After introducing Steven Koonin's new book here in Part 1, let's start the overview of it with some of the key definitions one needs to understand to even begin getting a grip on The Science. Starting back in college stats class:
Every measurement of the physical world has an associated uncertainty interval (usually denoted by the Greek letter sigma: σ). We can't say what the measurement's true value is precisely, only that it is likely to be within a range specified by σ. Thus we might say the global mean surface temperature in 2016 was 14.85o C with a σ of o.o7o C. That is there is a two-thirds chance that the true value is between 14.78 and 14.92o C. The measured annual increase of 0.04o C between 2015 (14.81 +/- 0.07o C) and 2016 is insignificant since it is smaller than the uncertainties--about half as large. The media might well still scream "Temperatures Continue to Rise, either out of ignorance or to capture readers' attention.
Next, "weather" does not equal "climate". A location's climate is the average of its weather over decades. The UN's World Meteorological Organization defines climate as a thirty-year average, although some climate researchers will sometimes discuss averages over a period as short as ten years. So changes in the weather from one year to the another do not constitute changes in the climate.
Alas, it isn't easy to measure the surface temperature over the whole earth, particularly when you are looking for changes of a fraction of a degree over decades. You have to worry about variations in the thermometers themselves, how they're housed, and exactly where they're located.
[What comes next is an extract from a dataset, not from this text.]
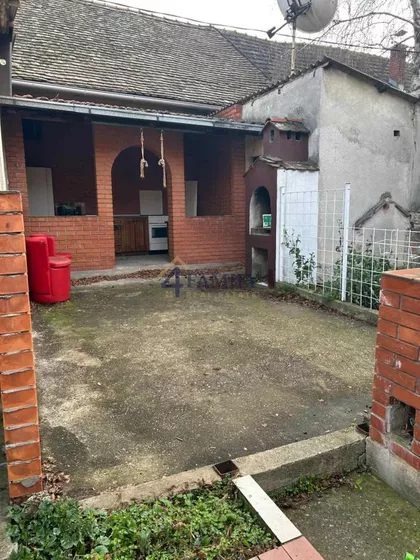 Prvomajska | 4zida.rs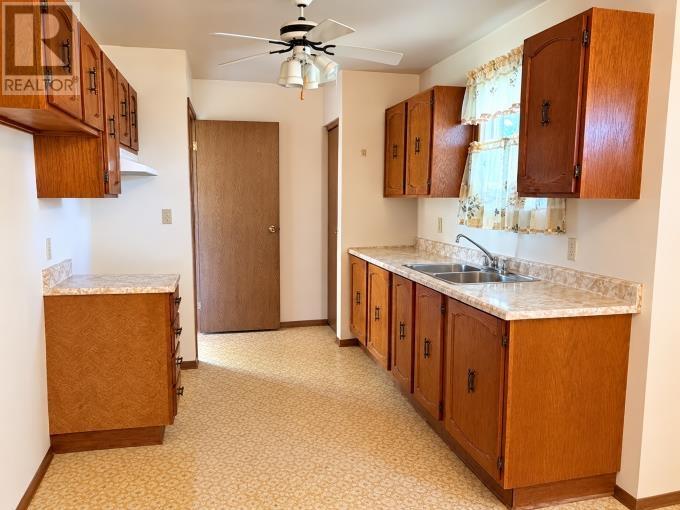 105 Rousseau Cres, Blind River, Ontario P0R 1B0 - Photo 4 - SM262694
And even if a station hasn't been move over the years, urbanization around a site is a concern, since buildings, roads, and concentrated human activity make cities a few degrees warmer than their rural surroundings.
The global temperature anomaly is the deviation of the average daily temperature from its expected value, averaged over each day of the year and over the whole globe. The rate of rise was twice as large as our 0.09o C/decade long-term average during the forty years from 1980 to 2020 (0.02o C) while it was negative during the forty years from 1910 to 1940 (-0.05o C/decade).
That is just a little warm-up to the types of details, Koonin adds to the discussion. The bit about measurement uncertainty is something I have known for years, but he really crystalizes it with the numbers. As he looks at the models that are the source of the forecasts, we have to keep the uncertainty intervals in mind.